» Task description
All of the data, word for word and free of pictures, is the expected result.

» Supplied records

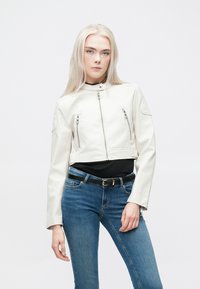 Valge lühike nahktagi külgmiste lukudega, pikad varrukad ja sile tekstuur, koos siniste teksade ja musta topiga.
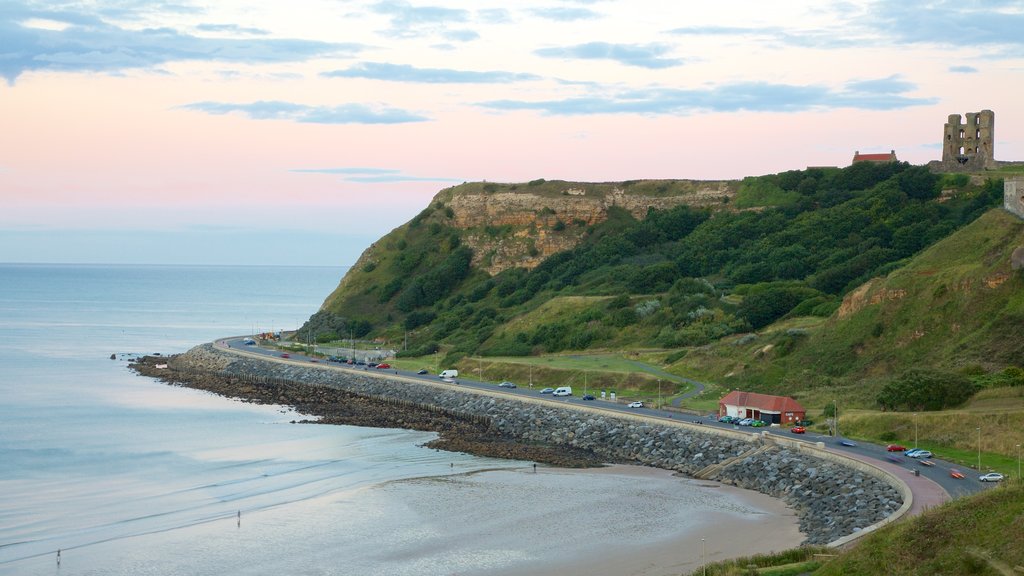 North Bay Beach showing landscape views, a coastal town and a sandy beach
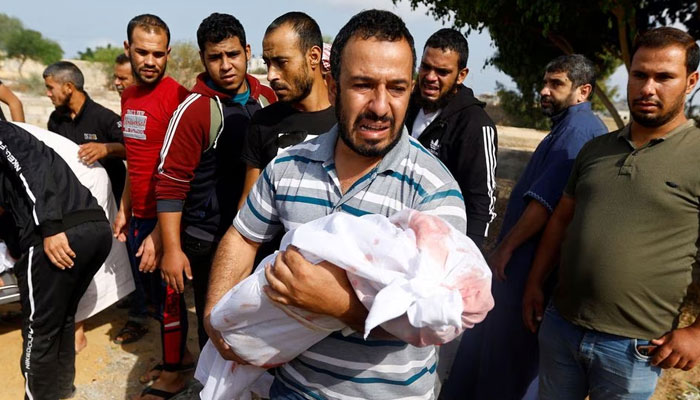 A mourner carries the body of a child, during the funeral of Palestinians from al-Astal family, who were killed in Israeli strikes, in Khan Younis in the southern Gaza Strip. —Reuters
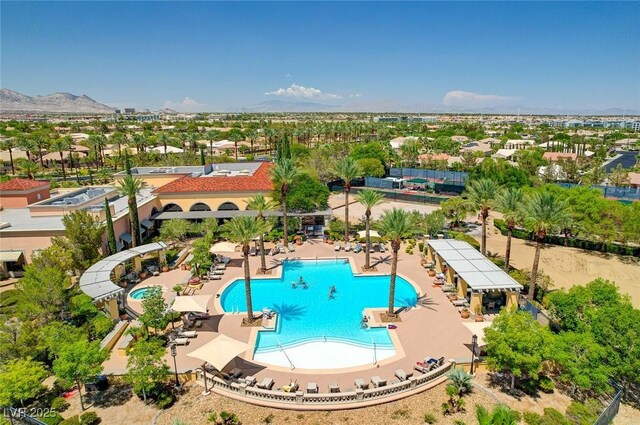 birds eye view of property featuring a mountain view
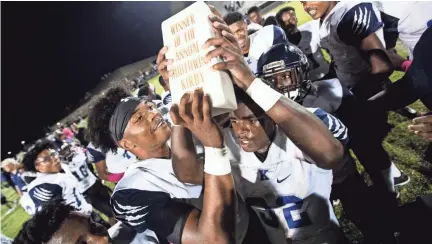  ?? ARIEL COBBERT, THE COMMERICAL APPEAL ?? Kirby High School Cougars celebrate their 33-14 victory over the Southwind Jaguars Friday October 5, 2018. The Cougars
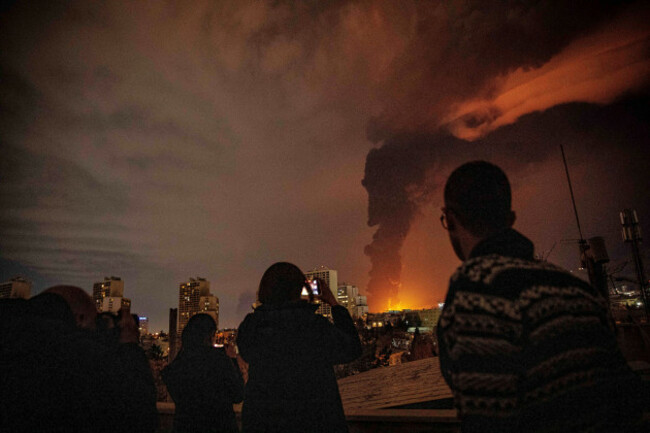 residents-look-on-and-take-pictures-as-flames-and-smoke-rise-from-an-oil-storage-facility-struck-as-attacks-hit-the-city-during-the-u-s-israeli-military-campaign-in-tehran-iran-saturday-march-7-2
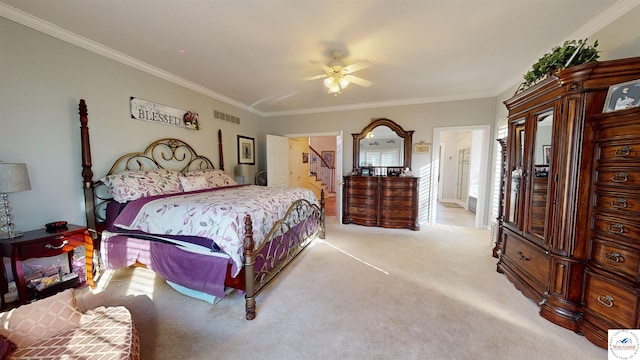 bedroom with crown molding, light colored carpet, visible vents, ensuite bathroom, and a ceiling fan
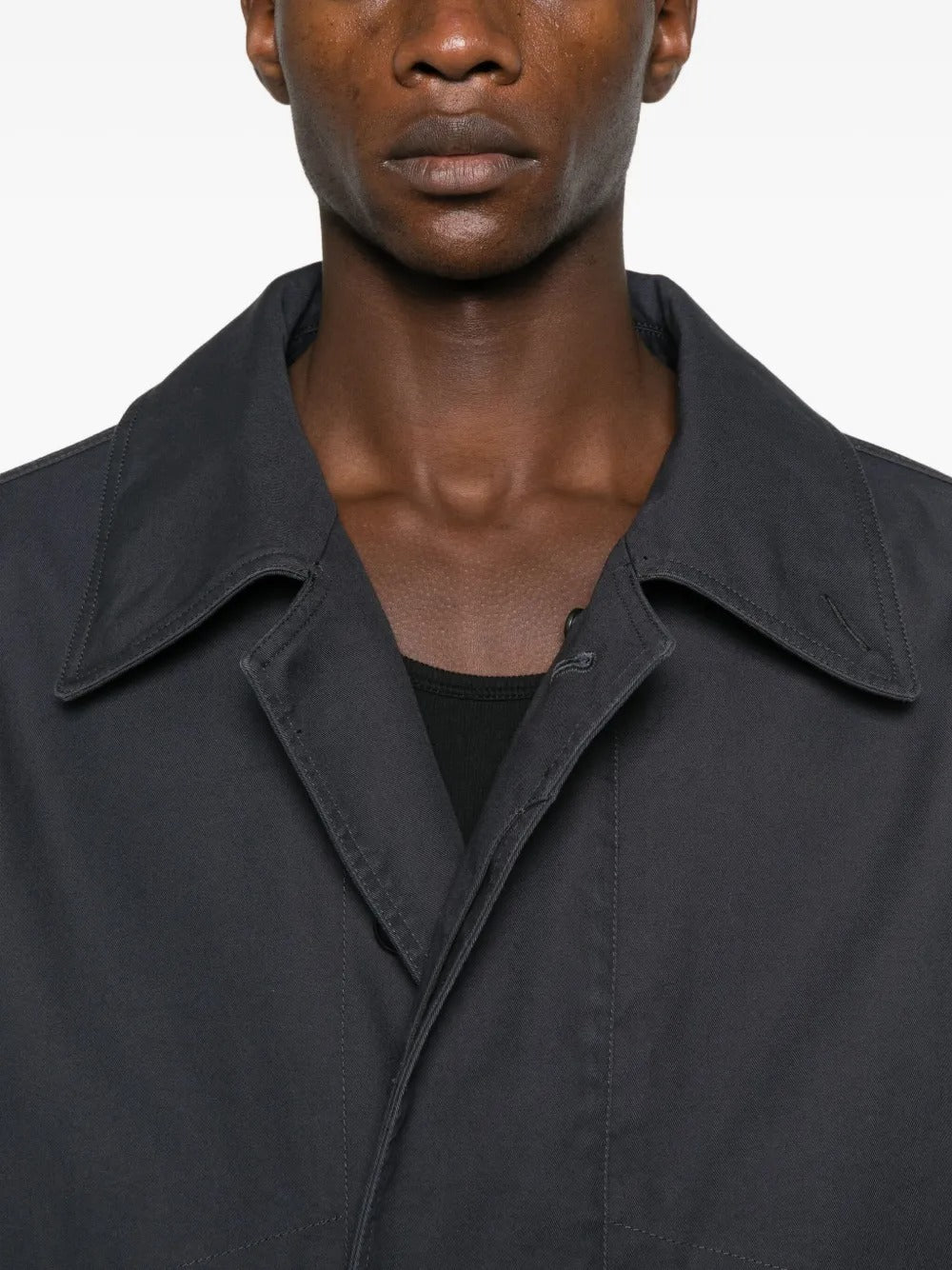 Close up of black coat, showing texture of the cotton fabric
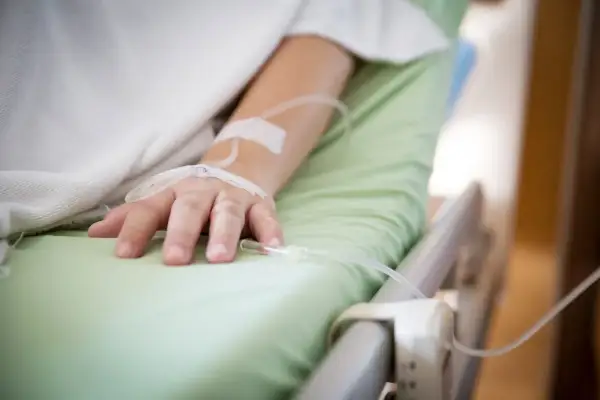 Ręka pacjenta w szpitalnym łóżku z wenflonem, walczącego z infekcją, np. Klebsiella pneumoniae.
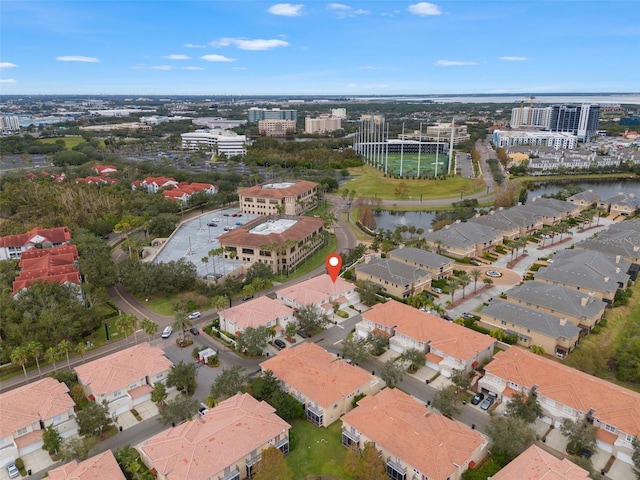 birds eye view of property featuring a water view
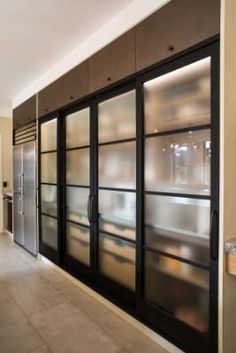 a kitchen with glass doors and cabinets in it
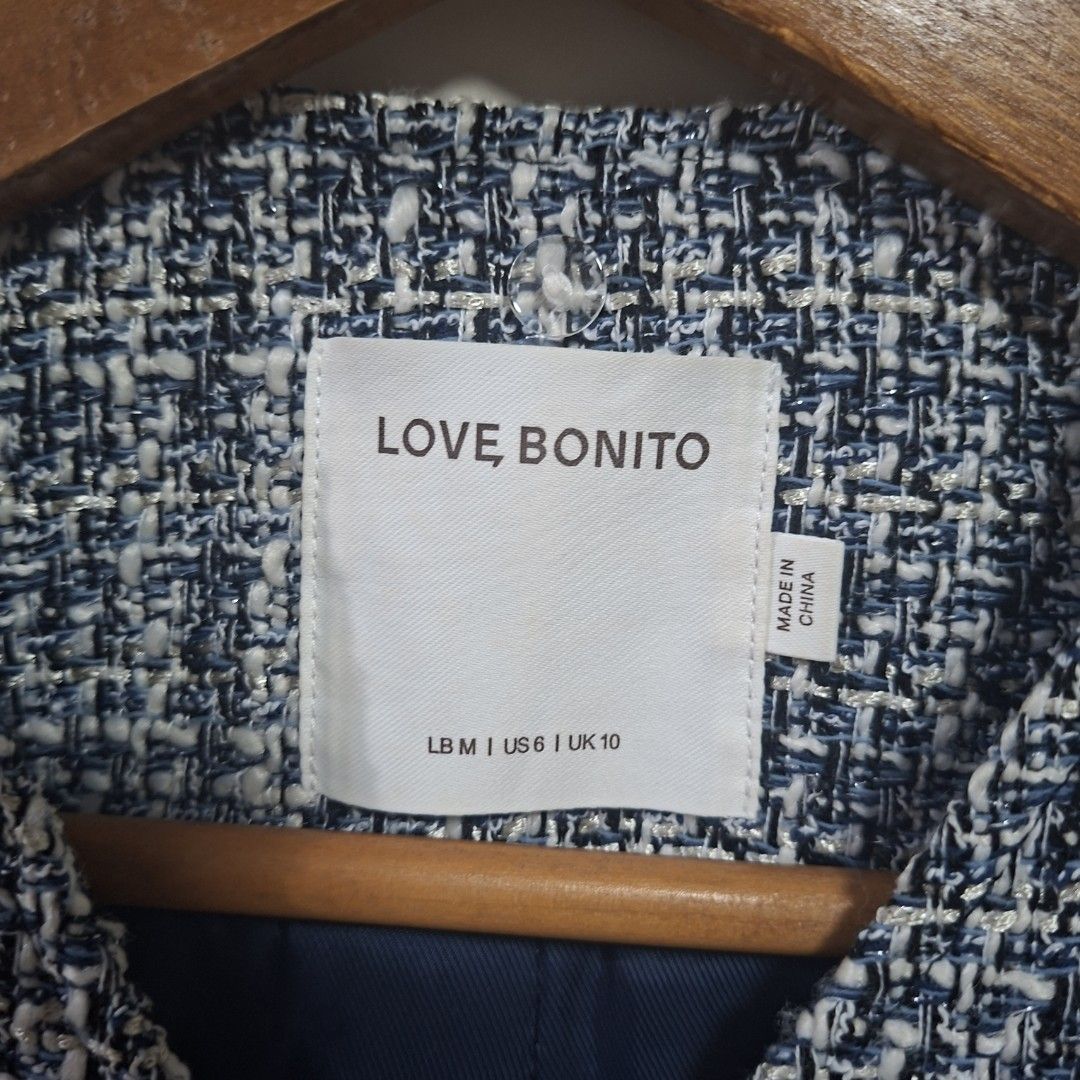 Love Bonito Tweed Jacket Blue White Size M (Category: Coats, Jackets and Outerwear) located in Quezon City. Submitted by arargarcia (Listing ID 1466456130, Image 2). Description: - Brand: Love Bonito - Style: Classic structured tweed jacket - Color: Blue and white with shiny metallic threads - Details: Gold-tone hammered buttons on sleeve cuffs, fully lined - Size: Medium (US 6, UK 10) - Origin: Made in China - Condition: Great for elevating both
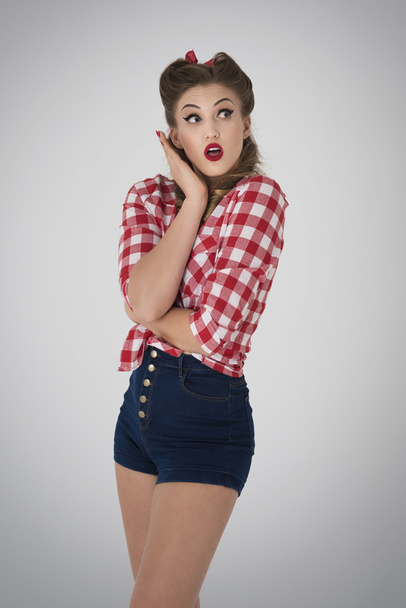 Shocked pin up girl looking up  - 写真・画像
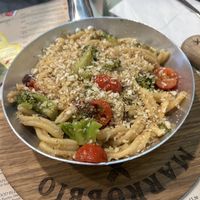 Vegan pasta with vegan cheese on top  at Marrobbio in Sliema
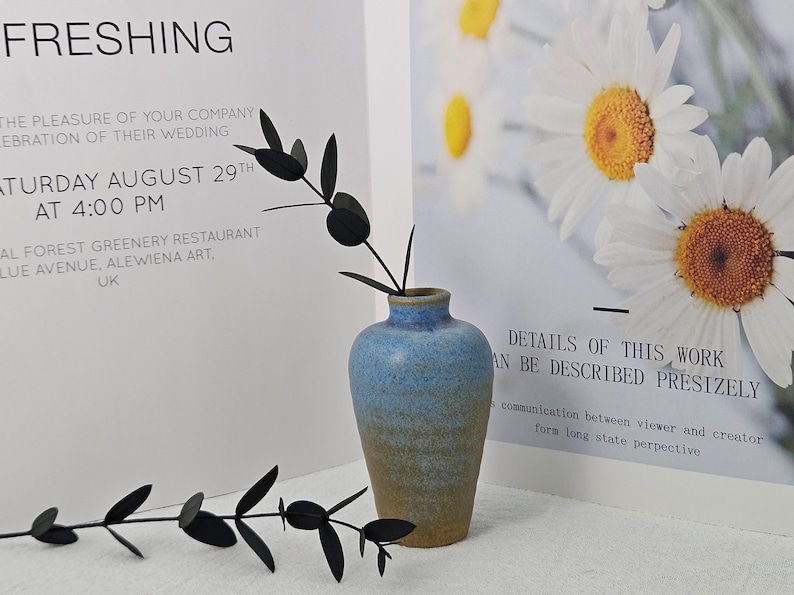 May include: A small, blue and tan ceramic vase holds a black, leaf-shaped decorative stem. The vase is set against a backdrop of white paper with text, and a floral print with daisies.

» Problem solution
 Valge lühike nahktagi külgmiste lukudega, pikad varrukad ja sile tekstuur, koos siniste teksade ja musta topiga.
 North Bay Beach showing landscape views, a coastal town and a sandy beach
 A mourner carries the body of a child, during the funeral of Palestinians from al-Astal family, who were killed in Israeli strikes, in Khan Younis in the southern Gaza Strip. —Reuters
 birds eye view of property featuring a mountain view
  ?? ARIEL COBBERT, THE COMMERICAL APPEAL ?? Kirby High School Cougars celebrate their 33-14 victory over the Southwind Jaguars Friday October 5, 2018. The Cougars
 residents-look-on-and-take-pictures-as-flames-and-smoke-rise-from-an-oil-storage-facility-struck-as-attacks-hit-the-city-during-the-u-s-israeli-military-campaign-in-tehran-iran-saturday-march-7-2
 bedroom with crown molding, light colored carpet, visible vents, ensuite bathroom, and a ceiling fan
 Close up of black coat, showing texture of the cotton fabric
 Ręka pacjenta w szpitalnym łóżku z wenflonem, walczącego z infekcją, np. Klebsiella pneumoniae.
 birds eye view of property featuring a water view
 a kitchen with glass doors and cabinets in it
 Love Bonito Tweed Jacket Blue White Size M (Category: Coats, Jackets and Outerwear) located in Quezon City. Submitted by arargarcia (Listing ID 1466456130, Image 2). Description: - Brand: Love Bonito - Style: Classic structured tweed jacket - Color: Blue and white with shiny metallic threads - Details: Gold-tone hammered buttons on sleeve cuffs, fully lined - Size: Medium (US 6, UK 10) - Origin: Made in China - Condition: Great for elevating both
 Shocked pin up girl looking up  - 写真・画像
 Vegan pasta with vegan cheese on top  at Marrobbio in Sliema
 May include: A small, blue and tan ceramic vase holds a black, leaf-shaped decorative stem. The vase is set against a backdrop of white paper with text, and a floral print with daisies.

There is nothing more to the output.